VAKİT GELİNCE
Allah’u Teala, Musa Aleyhisselâm’a; “Ya Musa sana bir sır bildireyim mi?” Buyurdu.
Musa Aleyhisselam; “Göster ya Rabbi.”dedi.
Bunun üzerine Allah’u Teala; “Ya Musa, filan yerdeki çeşmenin yanına git, kimse görmeyecek şekilde bir yere saklan.” diye emretti.
Musa Aleyhisselam, çeşmenin yakınında bir yere saklanıp, beklemeye başladı. Bir müddet sonra atlı zengin bir adam geldi.

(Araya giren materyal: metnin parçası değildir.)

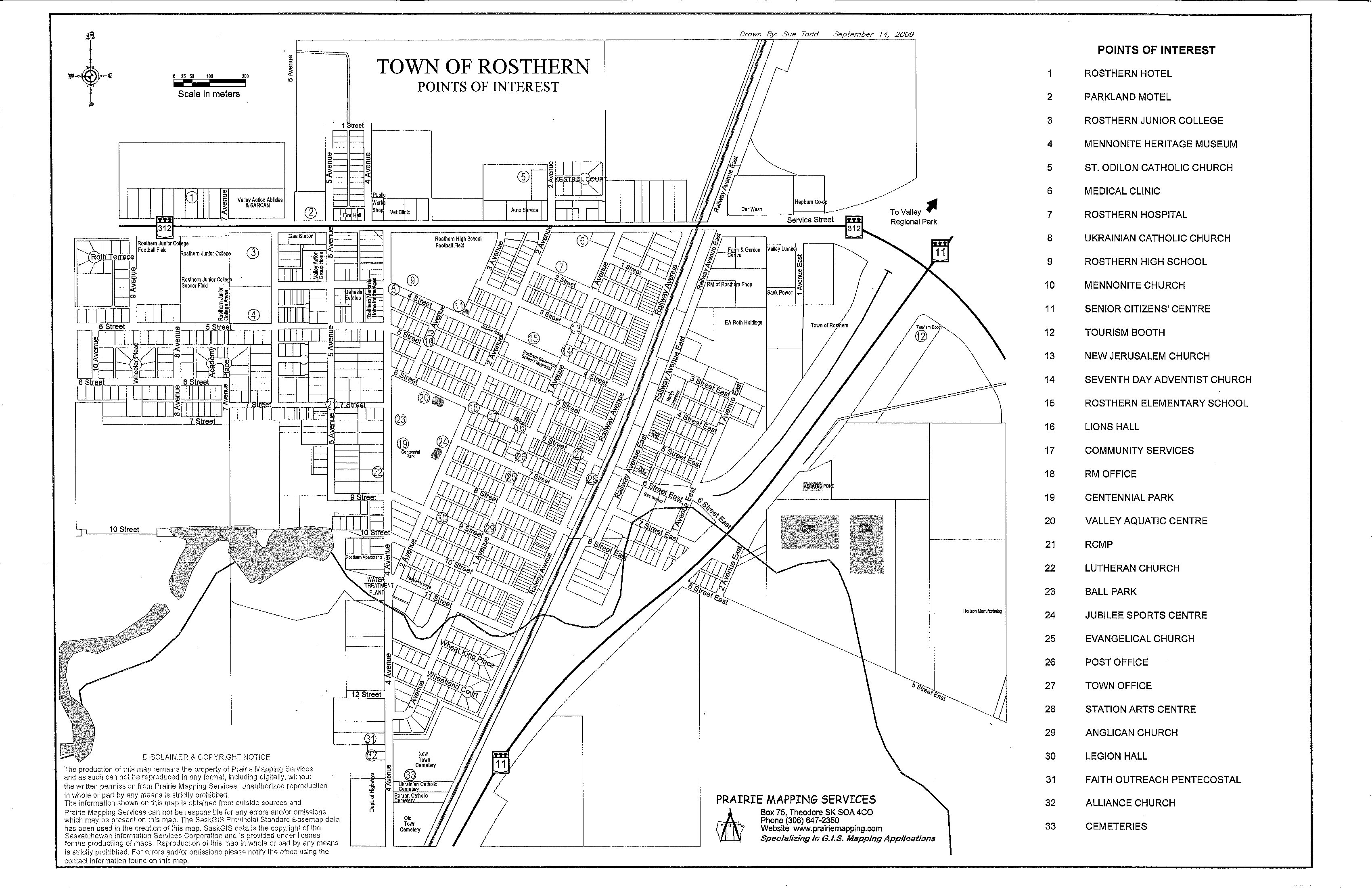 Town of Rosthern Map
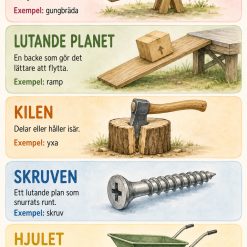 Poster med de fem mekaniska maskinerna inom teknik!
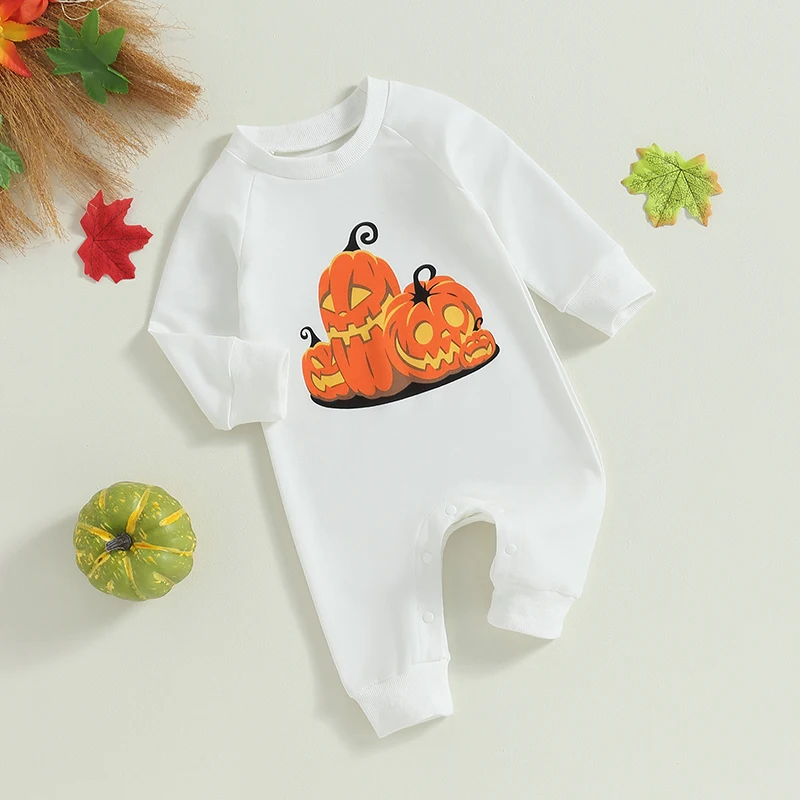 Infant Unisex Halloween Rompers with Spooky Pumpkin and Ghost Print Long Sleeve Baby Jumpsuits for Fall Festivities and Parties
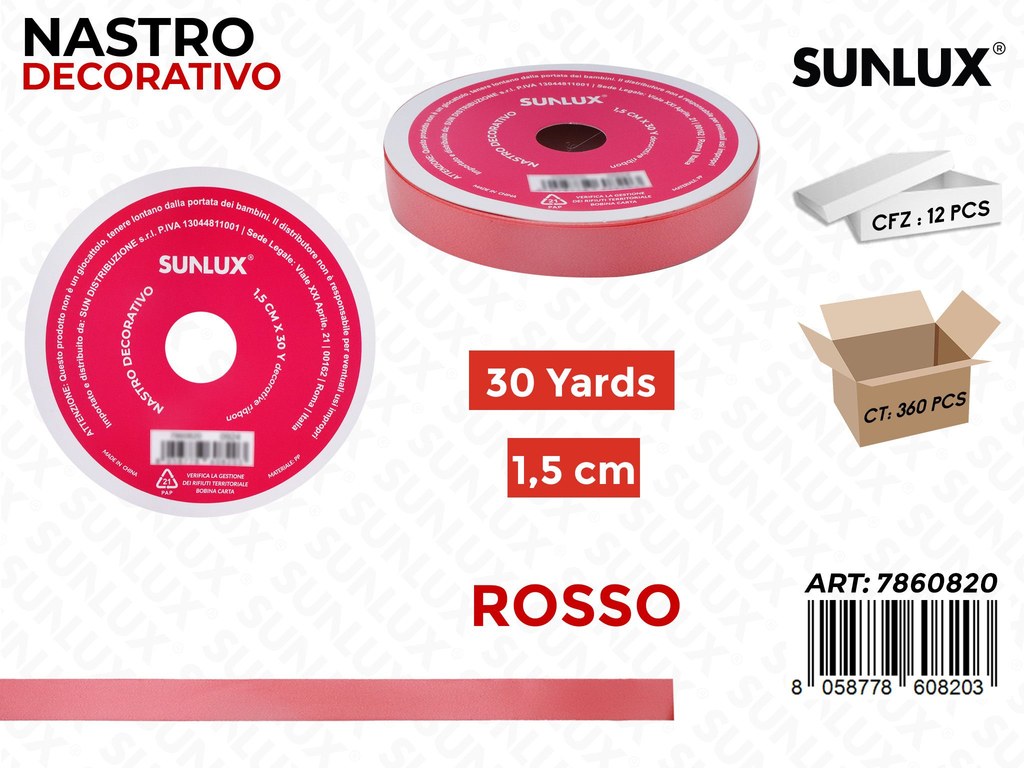 Sunlux Nastro Dec. Rosso 1.5CM*30Y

Altın kesesini belinden çıkartıp çeşmenin üzerine koyup, elini yüzünü yıkadı. Atını suladıktan sonra tekrar geldiği yoldan gitti.
Atlı adam gittikten sonra güle oynaya bir çocuk çeşmenin başına geldi. Avuçlarına doldurduğu suyu içti. Atlı adamın unuttuğu altın kesesini görüp, aldı ve gitti.
Musa Aleyhisselam olan biteni olduğu yerde sessizce seyretti.
Bir müddet sonra kör bir adam çeşmeye gelerek, abdest aldı. O sırada zengin adam geri döndü. Kör adama altın kesesini sordu. Adam kese görmediğini söylese de, zengin adam, kör adamı öldürür ve gider.
Musa Aleyhisselam her şeyi sessizce izledikten sonra olanlara anlam veremez.
Allah-ü Teâlâ; “Ya Musa! Kemeri alan çocuğun babası daha evvel o atlının hizmetinde çalıştı. Fakat atlı adam onun hakkını vermedi. Şimdi hakkını almış oldu. Âmâ ise, daha evvel o atlının babasını öldürmüştü. Sonra gözleri kör olduğu için onu tanıyan çıkmadı ve unutuldu gitti. Ama ben unutmam ve âmânın ölümünü o adam vasıtasıyla yaparak kısası yerine getirdim. Allah unutmaz, zamana bırakır ve vakti geldiğinde de, hesabı sorar. ”
***
Musa Aleyhisselam, bir gün dağda giderken bir çobana rastlar. Çoban, dua etmektedir; "Allah’ım, ben seni çok seviyorum. Beni Cennetine kabul et. Ben senin koyunlarını güderim, çamaşırlarını yıkarım, bitlerini ayıklarım, yemeğini pişiririm, çoraplarını yamarım."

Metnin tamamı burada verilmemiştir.